═══ Dataset excerpts ═══

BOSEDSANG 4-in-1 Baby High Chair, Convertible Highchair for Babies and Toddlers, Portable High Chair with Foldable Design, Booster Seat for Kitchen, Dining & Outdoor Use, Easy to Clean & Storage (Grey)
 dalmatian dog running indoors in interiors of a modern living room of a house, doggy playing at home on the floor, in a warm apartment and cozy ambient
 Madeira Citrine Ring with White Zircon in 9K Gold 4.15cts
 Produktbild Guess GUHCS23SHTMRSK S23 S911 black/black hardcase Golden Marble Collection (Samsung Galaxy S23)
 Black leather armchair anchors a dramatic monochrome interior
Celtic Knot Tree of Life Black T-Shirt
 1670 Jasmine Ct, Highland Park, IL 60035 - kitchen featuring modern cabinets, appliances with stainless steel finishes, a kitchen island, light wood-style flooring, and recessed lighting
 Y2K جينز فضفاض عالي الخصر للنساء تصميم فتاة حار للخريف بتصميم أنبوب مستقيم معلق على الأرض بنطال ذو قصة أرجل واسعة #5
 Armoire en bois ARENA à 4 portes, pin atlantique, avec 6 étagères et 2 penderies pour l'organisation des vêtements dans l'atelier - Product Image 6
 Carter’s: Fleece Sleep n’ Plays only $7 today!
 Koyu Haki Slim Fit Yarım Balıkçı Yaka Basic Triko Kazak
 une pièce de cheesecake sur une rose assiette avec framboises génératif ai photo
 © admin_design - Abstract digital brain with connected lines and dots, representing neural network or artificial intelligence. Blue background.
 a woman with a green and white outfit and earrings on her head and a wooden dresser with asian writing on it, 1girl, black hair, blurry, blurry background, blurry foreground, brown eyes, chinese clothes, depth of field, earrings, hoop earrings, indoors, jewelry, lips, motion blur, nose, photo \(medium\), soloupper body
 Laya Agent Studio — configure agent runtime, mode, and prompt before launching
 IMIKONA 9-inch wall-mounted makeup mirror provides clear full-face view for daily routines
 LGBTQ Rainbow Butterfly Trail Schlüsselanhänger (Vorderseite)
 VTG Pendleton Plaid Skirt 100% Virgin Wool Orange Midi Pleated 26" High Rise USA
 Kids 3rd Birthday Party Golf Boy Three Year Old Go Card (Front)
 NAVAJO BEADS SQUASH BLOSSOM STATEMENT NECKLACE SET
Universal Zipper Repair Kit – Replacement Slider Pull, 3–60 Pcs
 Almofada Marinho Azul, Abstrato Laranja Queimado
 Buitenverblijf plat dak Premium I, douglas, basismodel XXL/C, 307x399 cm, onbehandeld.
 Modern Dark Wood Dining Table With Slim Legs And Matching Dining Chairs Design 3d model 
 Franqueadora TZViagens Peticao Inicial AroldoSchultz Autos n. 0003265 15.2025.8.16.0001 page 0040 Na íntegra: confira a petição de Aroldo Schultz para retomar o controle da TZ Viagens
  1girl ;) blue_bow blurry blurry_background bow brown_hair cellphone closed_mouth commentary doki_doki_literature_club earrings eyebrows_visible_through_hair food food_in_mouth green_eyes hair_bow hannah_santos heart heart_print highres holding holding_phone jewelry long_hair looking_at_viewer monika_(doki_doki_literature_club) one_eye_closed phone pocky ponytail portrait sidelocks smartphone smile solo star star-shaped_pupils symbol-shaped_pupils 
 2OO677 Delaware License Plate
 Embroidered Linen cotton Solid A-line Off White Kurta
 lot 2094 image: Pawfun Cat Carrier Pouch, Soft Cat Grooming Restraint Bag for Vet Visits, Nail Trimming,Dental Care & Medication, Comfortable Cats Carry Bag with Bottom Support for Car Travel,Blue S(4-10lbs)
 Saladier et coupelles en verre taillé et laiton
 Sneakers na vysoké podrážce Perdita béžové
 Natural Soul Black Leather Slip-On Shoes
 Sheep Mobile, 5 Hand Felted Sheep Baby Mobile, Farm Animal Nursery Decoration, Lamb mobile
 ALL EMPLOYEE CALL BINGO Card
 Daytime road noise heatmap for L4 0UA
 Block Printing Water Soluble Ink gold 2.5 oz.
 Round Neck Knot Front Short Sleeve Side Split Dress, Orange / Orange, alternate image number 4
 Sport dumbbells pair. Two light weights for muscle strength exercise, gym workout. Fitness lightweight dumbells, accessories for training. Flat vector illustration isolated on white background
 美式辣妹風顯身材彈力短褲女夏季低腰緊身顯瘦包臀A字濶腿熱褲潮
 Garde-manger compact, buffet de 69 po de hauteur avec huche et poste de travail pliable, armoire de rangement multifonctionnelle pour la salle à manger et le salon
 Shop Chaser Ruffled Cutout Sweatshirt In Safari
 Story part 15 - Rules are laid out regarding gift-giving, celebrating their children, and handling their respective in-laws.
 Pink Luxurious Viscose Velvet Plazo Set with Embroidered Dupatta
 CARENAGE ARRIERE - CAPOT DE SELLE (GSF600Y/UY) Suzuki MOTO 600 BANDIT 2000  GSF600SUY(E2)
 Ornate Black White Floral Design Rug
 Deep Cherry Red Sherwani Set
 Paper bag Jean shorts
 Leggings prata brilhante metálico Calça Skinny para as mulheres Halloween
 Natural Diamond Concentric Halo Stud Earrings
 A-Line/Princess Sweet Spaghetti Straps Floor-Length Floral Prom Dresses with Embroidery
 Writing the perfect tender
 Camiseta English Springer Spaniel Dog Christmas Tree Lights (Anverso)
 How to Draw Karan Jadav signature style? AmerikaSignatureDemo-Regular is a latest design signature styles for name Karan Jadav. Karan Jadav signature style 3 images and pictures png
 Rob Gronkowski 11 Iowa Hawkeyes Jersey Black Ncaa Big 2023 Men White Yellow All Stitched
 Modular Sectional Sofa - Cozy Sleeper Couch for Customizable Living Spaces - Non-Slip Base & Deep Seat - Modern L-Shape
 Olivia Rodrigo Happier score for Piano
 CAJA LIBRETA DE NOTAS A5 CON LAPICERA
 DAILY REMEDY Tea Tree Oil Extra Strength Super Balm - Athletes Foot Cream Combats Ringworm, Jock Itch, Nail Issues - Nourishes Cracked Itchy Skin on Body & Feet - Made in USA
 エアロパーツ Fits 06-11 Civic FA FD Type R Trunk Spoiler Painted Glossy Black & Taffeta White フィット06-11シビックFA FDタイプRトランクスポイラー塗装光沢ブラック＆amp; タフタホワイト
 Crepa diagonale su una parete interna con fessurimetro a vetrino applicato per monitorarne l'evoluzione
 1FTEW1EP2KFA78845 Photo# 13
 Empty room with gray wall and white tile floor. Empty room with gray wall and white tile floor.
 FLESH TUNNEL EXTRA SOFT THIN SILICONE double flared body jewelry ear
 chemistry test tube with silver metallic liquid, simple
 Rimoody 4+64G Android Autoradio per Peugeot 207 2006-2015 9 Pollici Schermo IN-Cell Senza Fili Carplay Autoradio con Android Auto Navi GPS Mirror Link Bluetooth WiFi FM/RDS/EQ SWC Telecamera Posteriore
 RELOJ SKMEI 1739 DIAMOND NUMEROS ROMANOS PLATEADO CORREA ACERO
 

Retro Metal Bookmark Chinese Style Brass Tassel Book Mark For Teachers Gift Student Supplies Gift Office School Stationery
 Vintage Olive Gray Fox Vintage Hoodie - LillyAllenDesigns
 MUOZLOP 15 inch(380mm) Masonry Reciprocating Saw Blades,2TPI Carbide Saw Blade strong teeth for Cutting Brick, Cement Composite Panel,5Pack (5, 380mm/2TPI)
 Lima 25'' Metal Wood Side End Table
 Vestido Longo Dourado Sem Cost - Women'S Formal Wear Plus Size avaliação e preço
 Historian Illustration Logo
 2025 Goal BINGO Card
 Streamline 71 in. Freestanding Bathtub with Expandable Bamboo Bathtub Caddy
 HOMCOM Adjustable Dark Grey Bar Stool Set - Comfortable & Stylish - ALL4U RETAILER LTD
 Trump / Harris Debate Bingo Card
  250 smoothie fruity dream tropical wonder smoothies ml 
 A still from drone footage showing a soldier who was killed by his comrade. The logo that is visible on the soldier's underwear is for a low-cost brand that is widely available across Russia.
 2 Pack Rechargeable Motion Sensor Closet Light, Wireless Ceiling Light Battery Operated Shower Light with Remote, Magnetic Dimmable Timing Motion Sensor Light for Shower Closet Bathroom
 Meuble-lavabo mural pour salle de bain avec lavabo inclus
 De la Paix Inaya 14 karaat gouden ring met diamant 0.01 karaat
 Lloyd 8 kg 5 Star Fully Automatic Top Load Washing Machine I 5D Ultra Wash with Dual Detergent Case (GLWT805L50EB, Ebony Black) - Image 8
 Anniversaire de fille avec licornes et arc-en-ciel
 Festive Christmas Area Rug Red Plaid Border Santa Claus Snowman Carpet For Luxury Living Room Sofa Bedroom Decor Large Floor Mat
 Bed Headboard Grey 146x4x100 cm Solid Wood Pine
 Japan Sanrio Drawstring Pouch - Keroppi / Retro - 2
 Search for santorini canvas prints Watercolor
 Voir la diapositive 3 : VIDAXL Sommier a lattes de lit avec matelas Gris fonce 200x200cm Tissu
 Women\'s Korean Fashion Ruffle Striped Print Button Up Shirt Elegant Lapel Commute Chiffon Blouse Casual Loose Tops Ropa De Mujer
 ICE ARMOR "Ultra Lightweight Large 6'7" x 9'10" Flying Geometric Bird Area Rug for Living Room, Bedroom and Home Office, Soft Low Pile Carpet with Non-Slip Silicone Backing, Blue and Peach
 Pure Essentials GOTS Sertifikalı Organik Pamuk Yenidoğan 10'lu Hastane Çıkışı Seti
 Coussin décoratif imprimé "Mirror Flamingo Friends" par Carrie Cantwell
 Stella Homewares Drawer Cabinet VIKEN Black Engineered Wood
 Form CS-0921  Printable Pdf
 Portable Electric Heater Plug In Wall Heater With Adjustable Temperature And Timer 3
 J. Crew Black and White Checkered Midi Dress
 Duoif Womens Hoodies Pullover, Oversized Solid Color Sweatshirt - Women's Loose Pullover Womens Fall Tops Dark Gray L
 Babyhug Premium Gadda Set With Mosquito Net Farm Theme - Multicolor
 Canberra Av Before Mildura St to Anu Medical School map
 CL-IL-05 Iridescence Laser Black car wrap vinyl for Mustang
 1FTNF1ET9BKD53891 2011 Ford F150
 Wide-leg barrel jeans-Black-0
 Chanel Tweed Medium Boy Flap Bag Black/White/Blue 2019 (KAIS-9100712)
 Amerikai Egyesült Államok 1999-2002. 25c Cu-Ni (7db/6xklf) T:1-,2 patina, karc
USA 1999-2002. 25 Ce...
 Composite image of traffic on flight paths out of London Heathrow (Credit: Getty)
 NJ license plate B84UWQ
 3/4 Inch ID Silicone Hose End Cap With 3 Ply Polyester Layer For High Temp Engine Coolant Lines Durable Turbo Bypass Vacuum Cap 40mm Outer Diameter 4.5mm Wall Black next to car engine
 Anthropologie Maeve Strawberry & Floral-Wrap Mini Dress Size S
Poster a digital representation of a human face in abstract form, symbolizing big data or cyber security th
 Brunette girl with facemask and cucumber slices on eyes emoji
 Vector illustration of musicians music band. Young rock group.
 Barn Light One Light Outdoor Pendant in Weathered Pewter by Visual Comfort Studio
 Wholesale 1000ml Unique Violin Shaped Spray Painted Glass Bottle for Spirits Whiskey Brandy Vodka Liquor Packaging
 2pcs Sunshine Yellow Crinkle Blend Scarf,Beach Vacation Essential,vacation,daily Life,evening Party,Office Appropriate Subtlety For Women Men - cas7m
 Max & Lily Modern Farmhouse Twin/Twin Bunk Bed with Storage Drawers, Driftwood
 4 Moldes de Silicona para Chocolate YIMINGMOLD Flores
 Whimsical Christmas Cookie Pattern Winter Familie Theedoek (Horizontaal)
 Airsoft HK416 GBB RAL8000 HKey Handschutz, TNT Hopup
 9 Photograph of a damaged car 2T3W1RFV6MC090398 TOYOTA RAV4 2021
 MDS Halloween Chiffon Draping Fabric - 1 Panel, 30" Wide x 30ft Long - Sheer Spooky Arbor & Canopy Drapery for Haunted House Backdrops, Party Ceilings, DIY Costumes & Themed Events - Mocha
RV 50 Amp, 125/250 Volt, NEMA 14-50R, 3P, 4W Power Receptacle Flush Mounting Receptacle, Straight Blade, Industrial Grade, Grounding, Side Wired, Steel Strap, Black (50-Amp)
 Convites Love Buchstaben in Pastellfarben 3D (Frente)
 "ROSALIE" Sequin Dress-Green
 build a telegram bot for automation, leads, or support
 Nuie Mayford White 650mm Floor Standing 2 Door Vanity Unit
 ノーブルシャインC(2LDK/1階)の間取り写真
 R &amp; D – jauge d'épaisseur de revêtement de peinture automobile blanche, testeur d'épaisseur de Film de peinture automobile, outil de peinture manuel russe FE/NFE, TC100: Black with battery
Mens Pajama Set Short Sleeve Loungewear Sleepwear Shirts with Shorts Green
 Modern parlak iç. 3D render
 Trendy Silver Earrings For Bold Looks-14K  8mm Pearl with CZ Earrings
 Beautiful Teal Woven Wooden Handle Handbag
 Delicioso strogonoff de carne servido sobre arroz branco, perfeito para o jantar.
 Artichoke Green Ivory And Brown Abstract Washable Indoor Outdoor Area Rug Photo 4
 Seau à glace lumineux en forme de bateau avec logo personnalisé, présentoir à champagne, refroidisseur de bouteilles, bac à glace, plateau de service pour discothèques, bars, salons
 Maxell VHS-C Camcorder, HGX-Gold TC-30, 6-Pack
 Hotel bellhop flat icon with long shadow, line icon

═══

As listed above, the lines from the line with "IMIKONA 9-inch wall-mounted" to the line with "Franqueadora TZViagens Peticao" are to be echoed exactly, with both ends included and nothing added.

 IMIKONA 9-inch wall-mounted makeup mirror provides clear full-face view for daily routines
 LGBTQ Rainbow Butterfly Trail Schlüsselanhänger (Vorderseite)
 VTG Pendleton Plaid Skirt 100% Virgin Wool Orange Midi Pleated 26" High Rise USA
 Kids 3rd Birthday Party Golf Boy Three Year Old Go Card (Front)
 NAVAJO BEADS SQUASH BLOSSOM STATEMENT NECKLACE SET
Universal Zipper Repair Kit – Replacement Slider Pull, 3–60 Pcs
 Almofada Marinho Azul, Abstrato Laranja Queimado
 Buitenverblijf plat dak Premium I, douglas, basismodel XXL/C, 307x399 cm, onbehandeld.
 Modern Dark Wood Dining Table With Slim Legs And Matching Dining Chairs Design 3d model 
 Franqueadora TZViagens Peticao Inicial AroldoSchultz Autos n. 0003265 15.2025.8.16.0001 page 0040 Na íntegra: confira a petição de Aroldo Schultz para retomar o controle da TZ Viagens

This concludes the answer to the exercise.